What is required >>
Output exactly the lines from the one containing "Okwish Lit Coffre" through the final line of the entries below, both included, and skip the pictures.

Excerpted records >>
****************

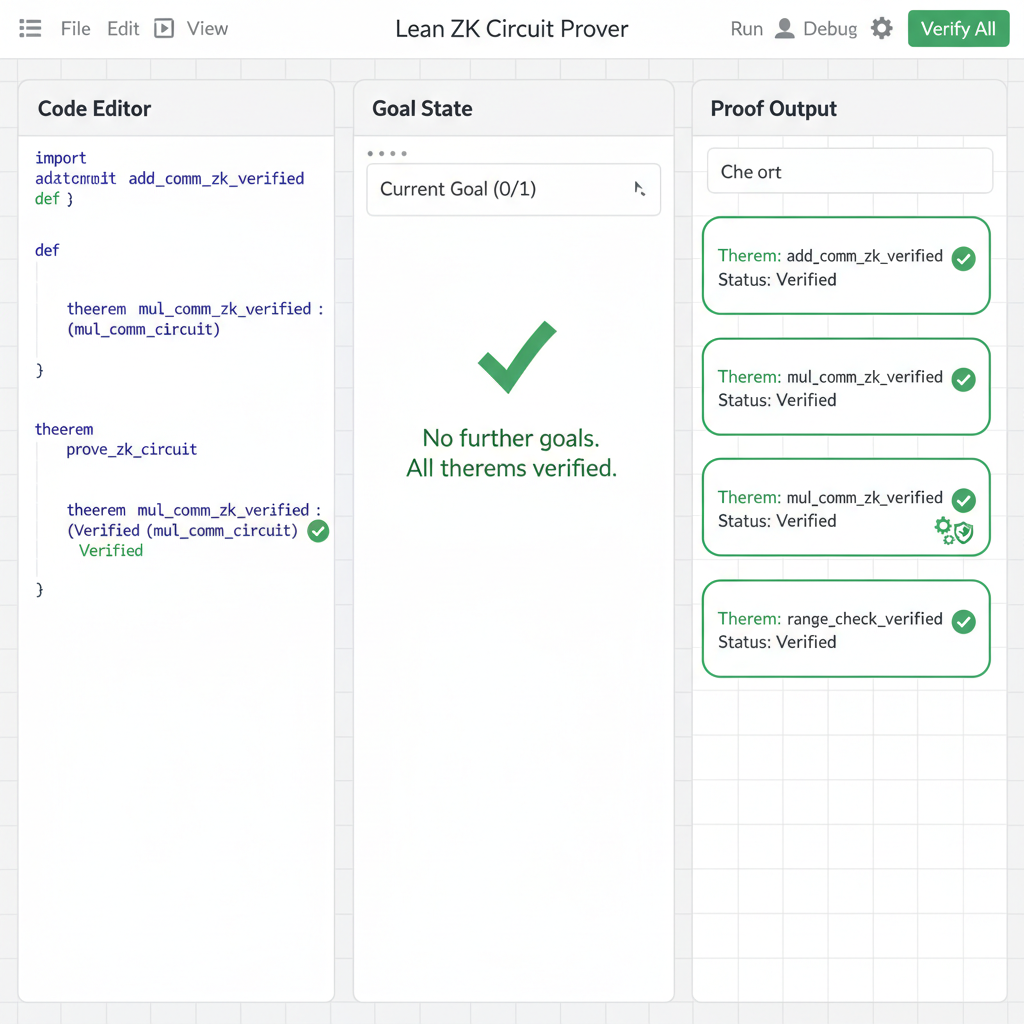 Lean prover interface displaying verified theorems for ZK circuits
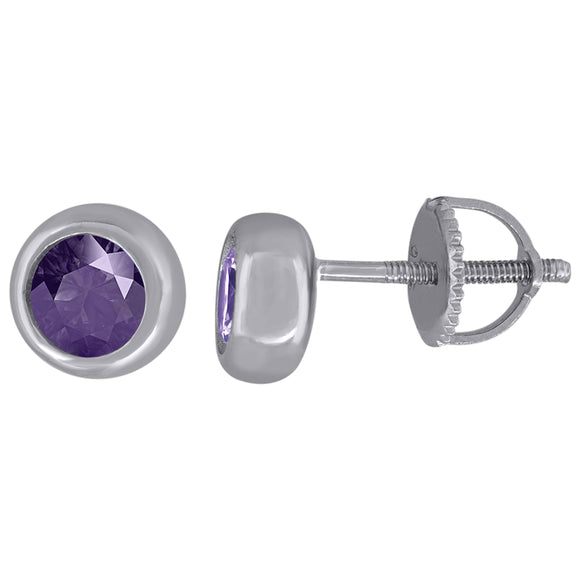 925 Sterling Silver Womens Purple Cubic Zirconia Round Bezel Setting Studs Earrings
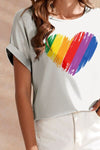 Heart Round Neck Short Sleeve T-Shirt Women's T-Shirts - Tophatter Daily Deals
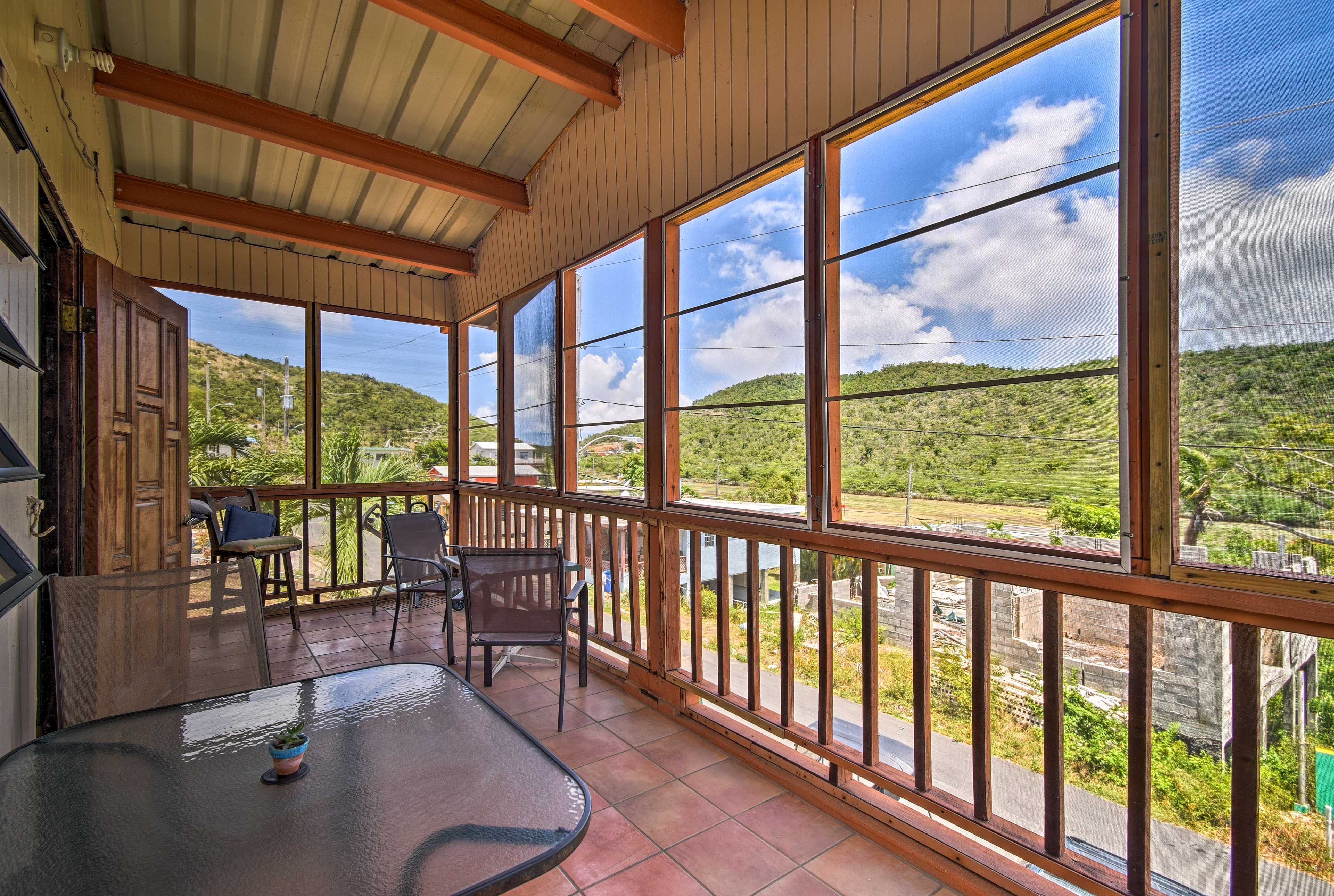 Enjoy the stunning views of the lush hills.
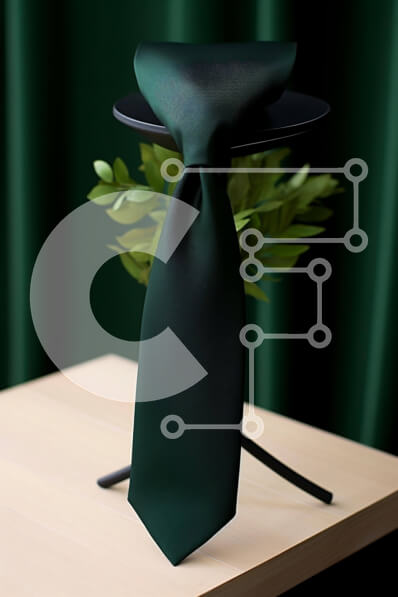 Intra Συλλεκτικό Ξύλινο Παζλ Plywood  4mm - Πράσινη γραβάτα σε κομψό μαύρο σταντ με φυτό σε γλάστρα Σε Ξύλινο Κουτί - Διαστάσεις Puzzle: 10x10 cm – 25 κομμάτια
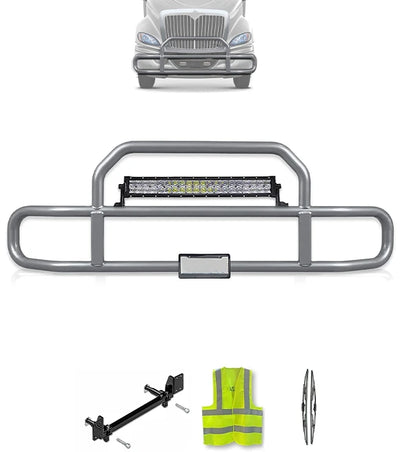 Gray Front Grille Deer Moose Bumper Guard International RH (Plastic Bumper)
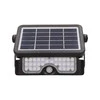 LUX LED 5W, saulės energija varomas prožektorius su judesio jutikliu 500lm, IP65, 4000K, 2x1500mAh, juodas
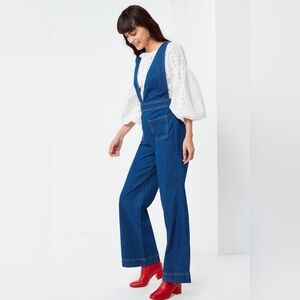 BDG Eleanor plunging denim jumpsuit Sz 6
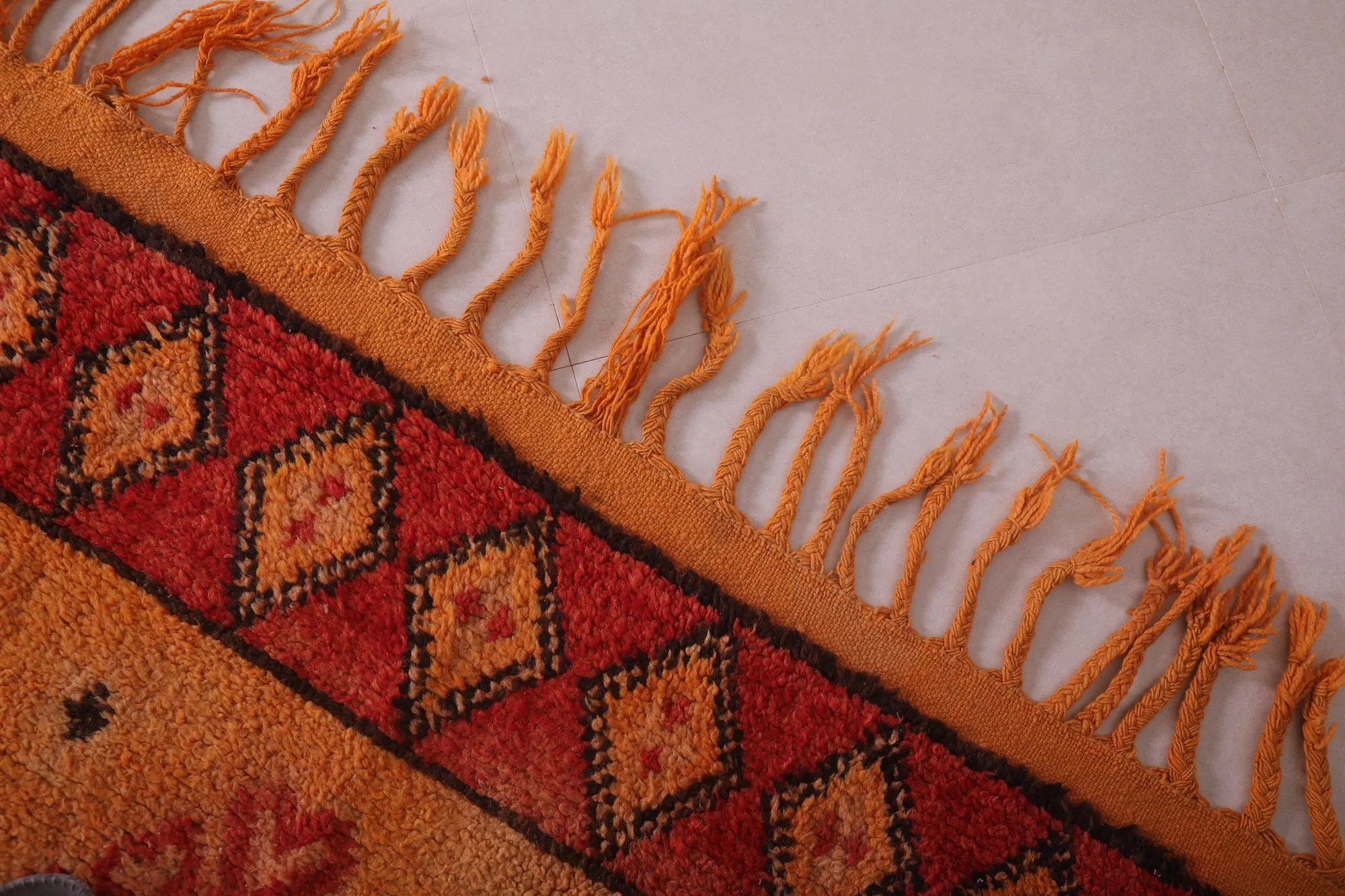 Vibrant Orange Moroccan Rug 5.2 x 11.6 FT - Handwoven Bohemian Charm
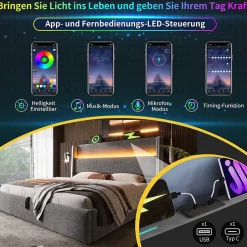 Okwish Lit Coffre 140x200 cm - Lit Double avec Sommier Relevable et Rangement - LED et Ports USB Type-C - Tissu Lin Gris - Sans Matelas Hot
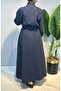 Belted Half-Zip Double Pocket Chic Line Striped Dress 5161 Navy Blue - 4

****************

Final answer >>
 Okwish Lit Coffre 140x200 cm - Lit Double avec Sommier Relevable et Rangement - LED et Ports USB Type-C - Tissu Lin Gris - Sans Matelas Hot
 Belted Half-Zip Double Pocket Chic Line Striped Dress 5161 Navy Blue - 4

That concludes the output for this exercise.